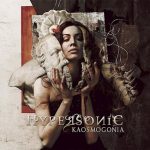 Italian female-fronted  symphonic metal band HYPERSONIC will release album 'Kaosmogonia'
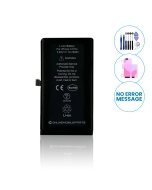 iPhone 12 Pro Diagnostic Battery Replacement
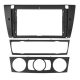 KENWOOD KW9_BM020N 9” RÁDIÓKERET BMW 3 E90/91/92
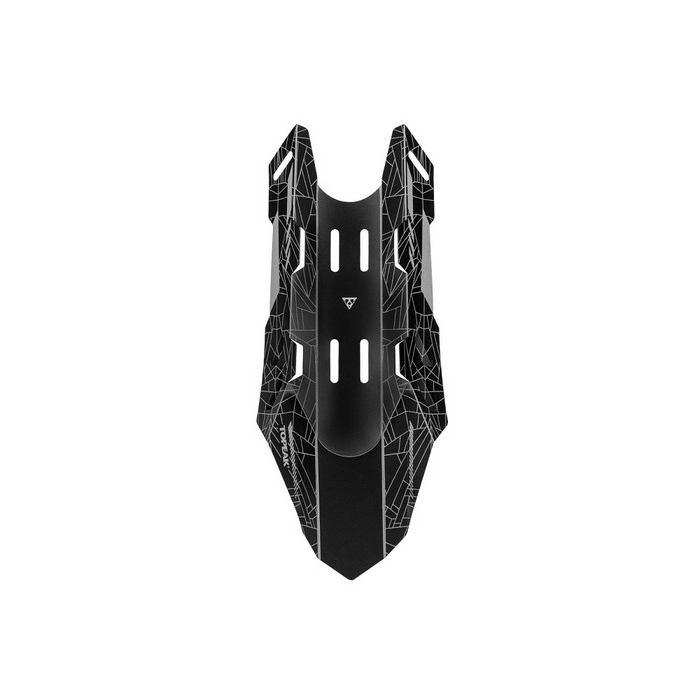 Крылья Topeak D-Flash DT крыло-щиток на нижнюю трубу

-- EXERCISE REQUIREMENTS --
Repeat the data word for word. Skip the pictures.

-- EXPECTED ANSWER --
 Italian female-fronted  symphonic metal band HYPERSONIC will release album 'Kaosmogonia'
 iPhone 12 Pro Diagnostic Battery Replacement
 KENWOOD KW9_BM020N 9” RÁDIÓKERET BMW 3 E90/91/92
 Крылья Topeak D-Flash DT крыло-щиток на нижнюю трубу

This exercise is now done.